Provided data:
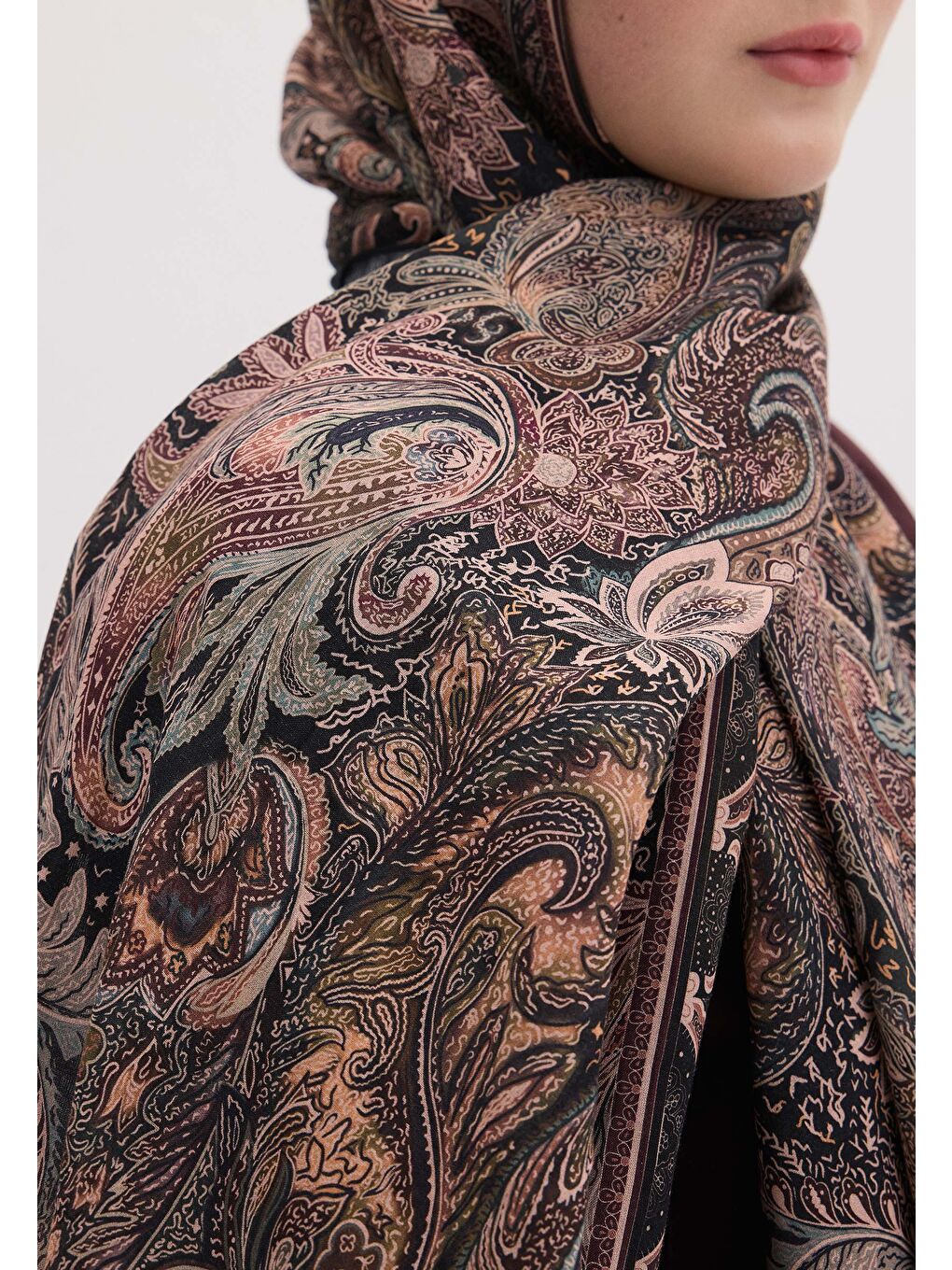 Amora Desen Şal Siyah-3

* * *

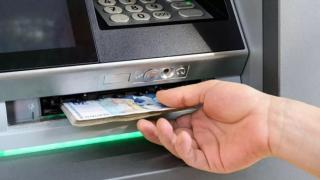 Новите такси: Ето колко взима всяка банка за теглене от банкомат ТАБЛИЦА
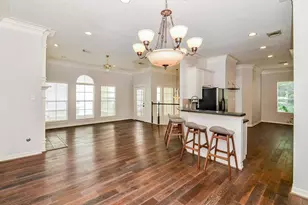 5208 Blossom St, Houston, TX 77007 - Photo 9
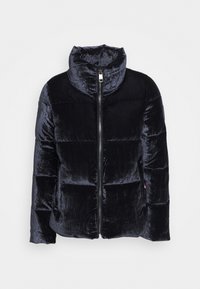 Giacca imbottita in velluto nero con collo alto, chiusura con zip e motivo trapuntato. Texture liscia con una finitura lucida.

==

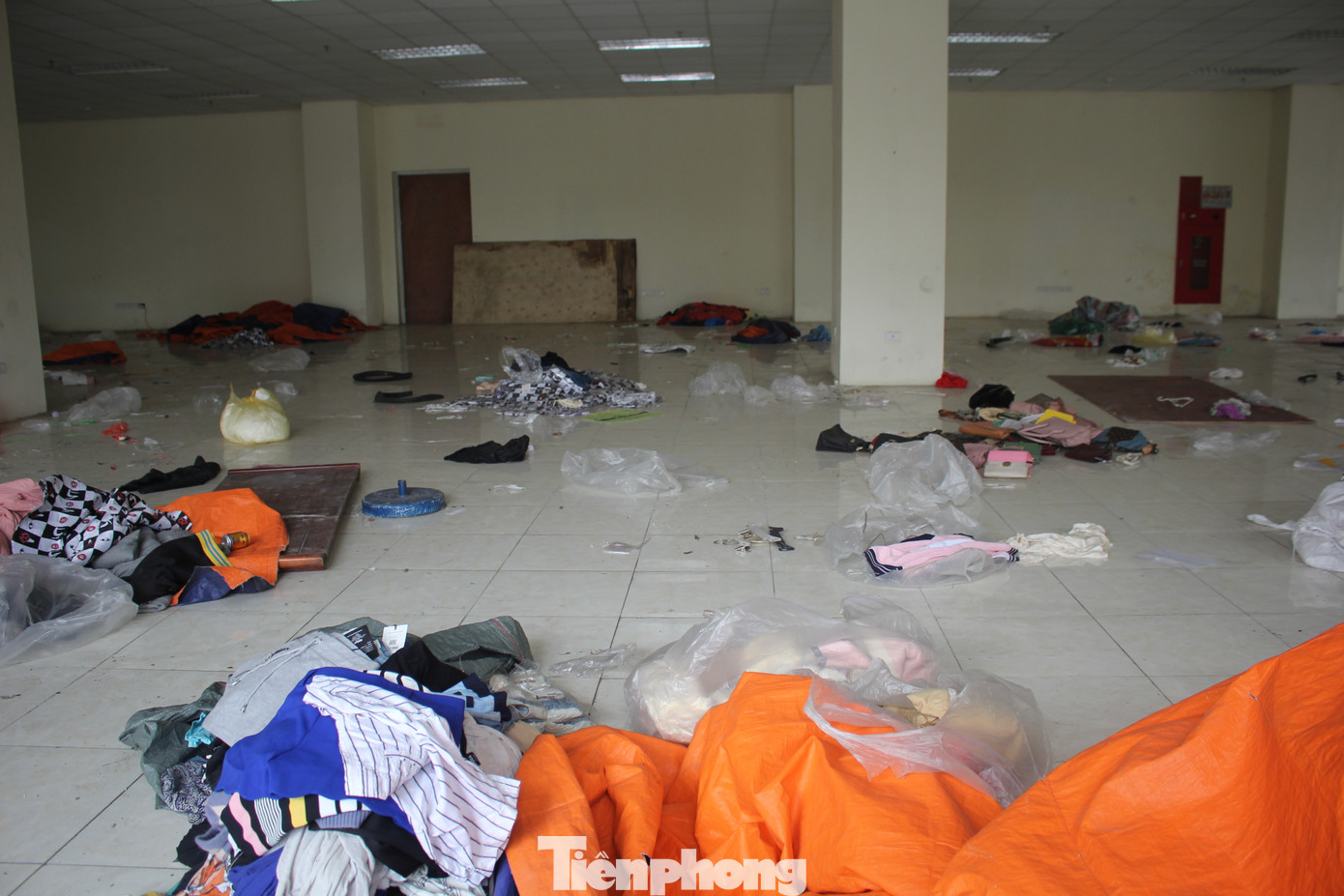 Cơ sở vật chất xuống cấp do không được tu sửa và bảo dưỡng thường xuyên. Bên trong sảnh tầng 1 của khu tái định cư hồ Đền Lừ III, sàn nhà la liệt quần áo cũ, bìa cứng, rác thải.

Task requirements: The answer is those lines of the material above that run from the one containing "5208 Blossom St, Houston, TX 77007 - Photo 9" up to and including the one containing "Giacca imbottita in", restated exactly and without images.

Reply:
 5208 Blossom St, Houston, TX 77007 - Photo 9
 Giacca imbottita in velluto nero con collo alto, chiusura con zip e motivo trapuntato. Texture liscia con una finitura lucida.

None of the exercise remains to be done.